Contrato MRI o seguro PNO: ¿qué opción para un propietario único de edificio?
La confusión entre estos dos tipos de contrato se presenta sistemáticamente. El seguro PNO protege a un propietario que no vive en la vivienda que posee: cubre su responsabilidad civil y, según las opciones, ciertos daños a la propiedad. El contrato de multirriesgo para edificios (MRI) cubre el edificio en su totalidad, incluidas las partes estructurales como el tejado, las fachadas y las canalizaciones comunes.
Para un edificio en monopropriedad con varios apartamentos alquilados, el MRI es el contrato adecuado porque cubre el edificio en su conjunto, no solo una unidad. El PNO actúa como complemento, unidad por unidad, para los riesgos específicos de cada vivienda vacía o alquilada.
La ausencia de obligación legal en monopropriedad
La ley Alur de 2014 impone un seguro de responsabilidad civil a las copropiedades. Esta obligación no se aplica a los edificios en monopropriedad. Ningún texto obliga a un propietario único a suscribir un MRI. El seguro sigue siendo opcional desde el punto de vista legal, lo que no reduce en nada el riesgo financiero en caso de un siniestro mayor en el tejado.
Si un inquilino sufre un daño por agua proveniente del tejado y el propietario no está asegurado, su responsabilidad civil se ve comprometida con sus propios fondos.
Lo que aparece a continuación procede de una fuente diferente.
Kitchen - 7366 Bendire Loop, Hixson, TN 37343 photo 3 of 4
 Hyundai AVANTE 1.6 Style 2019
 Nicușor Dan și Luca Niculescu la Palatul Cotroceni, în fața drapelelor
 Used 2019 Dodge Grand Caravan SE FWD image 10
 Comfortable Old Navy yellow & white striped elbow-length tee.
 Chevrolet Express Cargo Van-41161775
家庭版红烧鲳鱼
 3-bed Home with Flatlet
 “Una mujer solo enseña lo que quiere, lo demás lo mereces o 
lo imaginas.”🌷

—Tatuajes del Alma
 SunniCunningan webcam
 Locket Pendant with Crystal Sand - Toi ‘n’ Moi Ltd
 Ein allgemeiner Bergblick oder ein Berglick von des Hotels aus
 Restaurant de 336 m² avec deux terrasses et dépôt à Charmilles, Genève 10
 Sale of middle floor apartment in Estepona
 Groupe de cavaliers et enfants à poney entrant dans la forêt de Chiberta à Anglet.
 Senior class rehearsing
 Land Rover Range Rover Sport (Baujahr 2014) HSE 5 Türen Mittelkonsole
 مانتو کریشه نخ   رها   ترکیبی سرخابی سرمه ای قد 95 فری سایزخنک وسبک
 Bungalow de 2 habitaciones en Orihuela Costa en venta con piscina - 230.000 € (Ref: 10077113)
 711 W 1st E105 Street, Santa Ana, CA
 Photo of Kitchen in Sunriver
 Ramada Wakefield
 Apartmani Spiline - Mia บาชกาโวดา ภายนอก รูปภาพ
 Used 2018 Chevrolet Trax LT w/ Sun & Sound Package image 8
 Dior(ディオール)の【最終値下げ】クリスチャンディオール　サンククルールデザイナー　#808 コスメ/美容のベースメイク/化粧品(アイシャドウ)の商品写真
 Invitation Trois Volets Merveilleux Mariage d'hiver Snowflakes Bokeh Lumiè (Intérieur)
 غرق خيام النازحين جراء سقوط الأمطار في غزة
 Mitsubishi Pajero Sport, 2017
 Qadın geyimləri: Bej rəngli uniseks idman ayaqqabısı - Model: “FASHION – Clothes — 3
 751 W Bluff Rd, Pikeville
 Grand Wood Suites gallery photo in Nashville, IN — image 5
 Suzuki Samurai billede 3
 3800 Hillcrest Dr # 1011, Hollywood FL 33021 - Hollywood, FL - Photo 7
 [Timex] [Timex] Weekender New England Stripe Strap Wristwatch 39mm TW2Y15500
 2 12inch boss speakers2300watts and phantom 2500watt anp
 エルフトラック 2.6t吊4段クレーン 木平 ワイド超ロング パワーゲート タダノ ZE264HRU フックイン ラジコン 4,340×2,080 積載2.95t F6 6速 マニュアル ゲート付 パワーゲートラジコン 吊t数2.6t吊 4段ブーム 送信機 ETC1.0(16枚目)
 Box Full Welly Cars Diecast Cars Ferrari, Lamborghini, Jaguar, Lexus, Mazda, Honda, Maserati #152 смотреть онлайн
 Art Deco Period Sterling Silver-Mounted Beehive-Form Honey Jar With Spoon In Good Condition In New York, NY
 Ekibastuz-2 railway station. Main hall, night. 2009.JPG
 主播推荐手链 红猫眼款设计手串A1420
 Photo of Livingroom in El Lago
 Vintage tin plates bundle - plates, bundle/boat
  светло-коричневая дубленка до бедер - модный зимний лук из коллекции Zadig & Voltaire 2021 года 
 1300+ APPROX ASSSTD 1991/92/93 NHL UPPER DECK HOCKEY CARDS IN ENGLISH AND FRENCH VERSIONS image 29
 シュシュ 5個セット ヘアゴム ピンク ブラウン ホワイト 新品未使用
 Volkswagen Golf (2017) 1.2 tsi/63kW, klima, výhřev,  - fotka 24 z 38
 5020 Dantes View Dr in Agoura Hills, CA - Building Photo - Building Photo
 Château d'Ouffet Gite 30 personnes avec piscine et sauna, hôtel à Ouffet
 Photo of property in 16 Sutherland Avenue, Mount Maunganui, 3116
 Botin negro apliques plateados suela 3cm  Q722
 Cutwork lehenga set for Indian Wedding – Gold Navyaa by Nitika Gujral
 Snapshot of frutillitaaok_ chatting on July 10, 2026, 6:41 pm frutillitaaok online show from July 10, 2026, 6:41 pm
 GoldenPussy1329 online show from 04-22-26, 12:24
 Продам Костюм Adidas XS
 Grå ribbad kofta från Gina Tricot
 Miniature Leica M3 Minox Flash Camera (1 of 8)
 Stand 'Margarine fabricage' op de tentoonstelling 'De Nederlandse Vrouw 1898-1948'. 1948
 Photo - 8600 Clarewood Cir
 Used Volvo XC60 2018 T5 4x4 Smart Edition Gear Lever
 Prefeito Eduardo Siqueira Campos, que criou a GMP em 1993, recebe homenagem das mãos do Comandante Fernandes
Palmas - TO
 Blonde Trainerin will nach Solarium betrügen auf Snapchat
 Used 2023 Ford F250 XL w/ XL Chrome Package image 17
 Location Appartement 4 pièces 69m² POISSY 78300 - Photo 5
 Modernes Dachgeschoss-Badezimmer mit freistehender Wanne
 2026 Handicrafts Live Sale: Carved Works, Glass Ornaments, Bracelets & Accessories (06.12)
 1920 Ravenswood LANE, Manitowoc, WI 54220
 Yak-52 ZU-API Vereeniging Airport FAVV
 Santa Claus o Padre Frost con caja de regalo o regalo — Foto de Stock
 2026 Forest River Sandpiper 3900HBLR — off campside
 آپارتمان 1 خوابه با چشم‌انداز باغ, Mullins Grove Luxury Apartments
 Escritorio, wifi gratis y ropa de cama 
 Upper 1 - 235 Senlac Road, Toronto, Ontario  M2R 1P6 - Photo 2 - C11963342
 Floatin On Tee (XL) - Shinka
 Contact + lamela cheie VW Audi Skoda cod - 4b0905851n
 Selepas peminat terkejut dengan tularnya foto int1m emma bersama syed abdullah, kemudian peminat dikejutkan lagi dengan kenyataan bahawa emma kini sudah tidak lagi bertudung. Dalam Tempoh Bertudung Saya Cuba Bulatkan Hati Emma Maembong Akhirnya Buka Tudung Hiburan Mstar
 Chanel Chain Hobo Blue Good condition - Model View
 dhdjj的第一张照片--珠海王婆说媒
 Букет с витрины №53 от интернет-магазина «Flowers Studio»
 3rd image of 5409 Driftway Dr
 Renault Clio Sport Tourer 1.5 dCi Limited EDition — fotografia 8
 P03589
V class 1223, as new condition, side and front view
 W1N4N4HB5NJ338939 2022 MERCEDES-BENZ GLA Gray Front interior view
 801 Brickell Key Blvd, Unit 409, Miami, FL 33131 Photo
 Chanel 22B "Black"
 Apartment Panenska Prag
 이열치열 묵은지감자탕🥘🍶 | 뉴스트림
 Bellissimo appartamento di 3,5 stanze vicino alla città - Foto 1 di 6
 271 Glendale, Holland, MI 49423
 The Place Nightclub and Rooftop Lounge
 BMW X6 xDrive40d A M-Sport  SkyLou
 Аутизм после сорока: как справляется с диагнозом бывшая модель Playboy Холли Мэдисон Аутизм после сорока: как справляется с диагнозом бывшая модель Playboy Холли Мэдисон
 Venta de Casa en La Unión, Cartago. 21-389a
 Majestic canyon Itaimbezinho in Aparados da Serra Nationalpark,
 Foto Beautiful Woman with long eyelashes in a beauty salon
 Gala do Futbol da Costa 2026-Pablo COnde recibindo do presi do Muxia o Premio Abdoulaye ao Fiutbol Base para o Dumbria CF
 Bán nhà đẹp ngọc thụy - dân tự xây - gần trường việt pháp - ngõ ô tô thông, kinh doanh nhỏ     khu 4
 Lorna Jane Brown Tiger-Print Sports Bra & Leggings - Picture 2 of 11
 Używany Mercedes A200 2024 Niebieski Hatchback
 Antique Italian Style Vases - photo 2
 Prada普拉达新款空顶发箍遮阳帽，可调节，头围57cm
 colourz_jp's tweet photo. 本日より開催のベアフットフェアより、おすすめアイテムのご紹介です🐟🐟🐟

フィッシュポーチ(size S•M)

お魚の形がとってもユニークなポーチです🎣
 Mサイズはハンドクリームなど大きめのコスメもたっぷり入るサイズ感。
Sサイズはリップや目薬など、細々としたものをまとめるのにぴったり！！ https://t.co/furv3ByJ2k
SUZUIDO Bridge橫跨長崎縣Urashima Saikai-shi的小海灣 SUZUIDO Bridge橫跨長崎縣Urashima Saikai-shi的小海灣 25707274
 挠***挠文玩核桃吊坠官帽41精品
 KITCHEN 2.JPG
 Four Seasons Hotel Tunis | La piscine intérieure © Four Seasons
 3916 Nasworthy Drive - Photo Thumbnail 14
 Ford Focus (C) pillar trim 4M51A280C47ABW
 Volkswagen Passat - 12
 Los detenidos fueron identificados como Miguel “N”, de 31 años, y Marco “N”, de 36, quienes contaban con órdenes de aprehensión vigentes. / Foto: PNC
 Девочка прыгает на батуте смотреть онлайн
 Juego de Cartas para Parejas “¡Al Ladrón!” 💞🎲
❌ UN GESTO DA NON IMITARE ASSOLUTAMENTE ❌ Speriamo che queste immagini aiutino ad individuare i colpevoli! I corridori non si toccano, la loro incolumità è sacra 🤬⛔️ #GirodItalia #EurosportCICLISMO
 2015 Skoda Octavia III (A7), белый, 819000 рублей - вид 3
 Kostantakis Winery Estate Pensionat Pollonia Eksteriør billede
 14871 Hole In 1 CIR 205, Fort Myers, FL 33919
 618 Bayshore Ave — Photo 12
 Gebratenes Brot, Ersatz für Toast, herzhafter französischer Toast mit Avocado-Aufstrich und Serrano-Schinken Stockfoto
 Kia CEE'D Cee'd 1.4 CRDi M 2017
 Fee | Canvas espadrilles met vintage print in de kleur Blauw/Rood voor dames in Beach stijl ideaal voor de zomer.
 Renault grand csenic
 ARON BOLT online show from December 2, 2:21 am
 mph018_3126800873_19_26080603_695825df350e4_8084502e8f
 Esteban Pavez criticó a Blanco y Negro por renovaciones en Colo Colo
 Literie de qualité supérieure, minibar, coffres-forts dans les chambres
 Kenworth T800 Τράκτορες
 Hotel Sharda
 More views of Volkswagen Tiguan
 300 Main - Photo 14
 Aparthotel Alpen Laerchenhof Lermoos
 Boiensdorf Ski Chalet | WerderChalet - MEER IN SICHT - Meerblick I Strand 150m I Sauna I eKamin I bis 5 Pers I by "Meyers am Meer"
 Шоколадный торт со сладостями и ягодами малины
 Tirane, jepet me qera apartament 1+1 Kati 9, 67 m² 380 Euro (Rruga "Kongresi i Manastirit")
Las cantidades pueden ser muy elevadas, especialmente cuando varios apartamentos se ven afectados simultáneamente.

Siniestro de tejado sin copropiedad: el procedimiento y sus plazos
En copropiedad, la convención IRSI (indemnización y recurso de siniestros de edificios) organiza la gestión de los daños por agua entre aseguradoras. En monopropriedad, esta convención no se aplica de la misma manera ya que solo hay un propietario para todo el edificio.
Concretamente, cuando ocurre un siniestro de tejado en un edificio sin copropiedad, es el asegurador del propietario quien gestiona la totalidad del expediente. Si varios inquilinos se ven afectados, cada asegurador de hogar de inquilinos puede intervenir para los bienes muebles, pero la reparación estructural del tejado solo concierne al contrato del propietario.
Los plazos de peritaje suelen ser más largos en este tipo de configuración, ya que el riesgo financiero concentrado en un solo asegurado incita al asegurador a un análisis más exhaustivo de las causas del siniestro. El propietario tiene interés en declarar el siniestro dentro de los cinco días hábiles (dos días en caso de robo) y en no realizar trabajos definitivos antes de la visita del perito, bajo pena de comprometer la indemnización.
La protección de un tejado de edificio sin copropiedad se basa en un tríptico raramente explicado por los aseguradores: un contrato MRI correctamente dimensionado, un expediente de mantenimiento documentado y una declaración de siniestro rigurosa. Negligir uno de estos tres aspectos es suficiente para transformar un siniestro cubierto en un rechazo de indemnización.